# Cool looking new reef is MS



## Johnms (Nov 29, 2010)

Check out this new reef!


----------



## coolbluestreak (Jun 27, 2011)

Wow. that's pretty cool!


----------



## neckmoe (Apr 7, 2009)

Where's it being dropped?


----------



## Johnms (Nov 29, 2010)

south of Pascagolua


----------



## guesswork (Feb 26, 2008)

It is in FH-13. I was lucky enough to be on the spotter boat out there and was able to dive it about an hour after it went down. Didn't think i would see anything, so i left my spear gun on the boat. Had three nice cobia checking it out also when i was down. :yes:

Skip


----------



## TailRazor (Apr 25, 2011)

I'm waiting for the first report of a suspected alien space craft crash at FH-13.


----------



## amarcafina (Aug 24, 2008)

Wow now that's a Reef , way better than our pyrimides


----------



## odb1877 (Jul 6, 2011)

We need one of those in p-cola


----------



## coolbluestreak (Jun 27, 2011)

odb1877 said:


> We need one of those in p-cola


And OBA.


----------



## gator7_5 (Oct 4, 2007)

I think the sphere needs more holes. Looks cool as hell though.


----------



## OP-FOR (Jan 23, 2010)

For sure just South of the Triple Rig. I recognized the gas pipe in the back ground.


----------



## SHO-NUFF (May 30, 2011)

Stainless steel and will last for ever. Just hope it does not come rolling up on the beach during the next Hurricane!


----------



## Lyin Too (Aug 31, 2009)

Is it public?


----------



## ycanti (Jul 13, 2011)

Kerwin Cuevas, Artificial Reef Bureau director, said the BRT has a safe clearance of 50 feet.

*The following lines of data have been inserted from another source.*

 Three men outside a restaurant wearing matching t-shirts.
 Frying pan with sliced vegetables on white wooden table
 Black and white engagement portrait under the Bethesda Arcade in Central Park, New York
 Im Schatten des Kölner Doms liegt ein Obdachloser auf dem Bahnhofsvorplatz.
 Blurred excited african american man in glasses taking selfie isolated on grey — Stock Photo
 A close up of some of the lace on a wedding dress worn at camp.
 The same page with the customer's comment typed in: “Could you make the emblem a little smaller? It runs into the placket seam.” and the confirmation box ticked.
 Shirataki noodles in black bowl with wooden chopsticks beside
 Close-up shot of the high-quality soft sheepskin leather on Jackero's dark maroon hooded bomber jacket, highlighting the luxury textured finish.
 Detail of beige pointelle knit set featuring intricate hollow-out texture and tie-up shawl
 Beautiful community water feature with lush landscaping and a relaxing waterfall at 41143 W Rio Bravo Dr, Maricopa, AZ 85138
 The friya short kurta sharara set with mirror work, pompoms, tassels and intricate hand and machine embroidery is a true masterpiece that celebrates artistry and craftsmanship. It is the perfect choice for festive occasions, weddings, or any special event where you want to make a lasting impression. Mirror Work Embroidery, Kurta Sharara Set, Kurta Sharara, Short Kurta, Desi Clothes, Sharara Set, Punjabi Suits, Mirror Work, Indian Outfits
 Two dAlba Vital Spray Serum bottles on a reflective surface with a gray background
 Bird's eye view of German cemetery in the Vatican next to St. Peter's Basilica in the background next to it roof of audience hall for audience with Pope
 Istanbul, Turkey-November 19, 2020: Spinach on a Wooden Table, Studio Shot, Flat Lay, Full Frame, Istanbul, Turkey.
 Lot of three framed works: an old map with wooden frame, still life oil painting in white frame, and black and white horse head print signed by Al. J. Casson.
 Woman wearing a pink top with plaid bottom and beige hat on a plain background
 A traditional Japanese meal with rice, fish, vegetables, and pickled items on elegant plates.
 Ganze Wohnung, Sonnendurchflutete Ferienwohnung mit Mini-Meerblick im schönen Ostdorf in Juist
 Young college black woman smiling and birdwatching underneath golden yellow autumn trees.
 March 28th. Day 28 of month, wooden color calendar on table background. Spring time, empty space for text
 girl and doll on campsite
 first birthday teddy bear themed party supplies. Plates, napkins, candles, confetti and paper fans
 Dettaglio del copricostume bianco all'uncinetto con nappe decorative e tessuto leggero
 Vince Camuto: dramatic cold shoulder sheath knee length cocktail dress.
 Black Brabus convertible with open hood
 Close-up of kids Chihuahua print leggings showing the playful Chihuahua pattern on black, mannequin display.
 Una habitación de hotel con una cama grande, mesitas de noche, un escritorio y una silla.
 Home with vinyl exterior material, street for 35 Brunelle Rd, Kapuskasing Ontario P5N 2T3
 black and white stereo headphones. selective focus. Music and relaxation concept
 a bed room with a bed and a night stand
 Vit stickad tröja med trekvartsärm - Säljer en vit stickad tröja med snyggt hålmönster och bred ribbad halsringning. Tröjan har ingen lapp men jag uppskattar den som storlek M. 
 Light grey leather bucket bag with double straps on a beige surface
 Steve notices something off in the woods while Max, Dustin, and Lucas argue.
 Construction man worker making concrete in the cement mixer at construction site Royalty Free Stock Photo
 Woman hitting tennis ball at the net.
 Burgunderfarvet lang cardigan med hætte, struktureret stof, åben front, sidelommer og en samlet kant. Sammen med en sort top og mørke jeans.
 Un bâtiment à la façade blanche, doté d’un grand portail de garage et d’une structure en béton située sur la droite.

The 37-foot-tall, 45-foot-wide tank has a relief of 35 feet off the bottom. Would like to see it year from now


----------



## Robbr (May 19, 2010)

That thing will grow some damn fine Jacks. That is, if you get through the overfished Red Snapper. That is great for the guys who fish over that way. :thumbsup:


----------



## Lyin Too (Aug 31, 2009)

Since its round, can we expect to see it roll up on Chandeleur in the next few years?


----------



## Lyin Too (Aug 31, 2009)

Anybody ever get coordinates for this dude?


----------



## mkpitts6 (Feb 23, 2008)

video of the deployment http://youtu.be/F6_zFJnx6ng


----------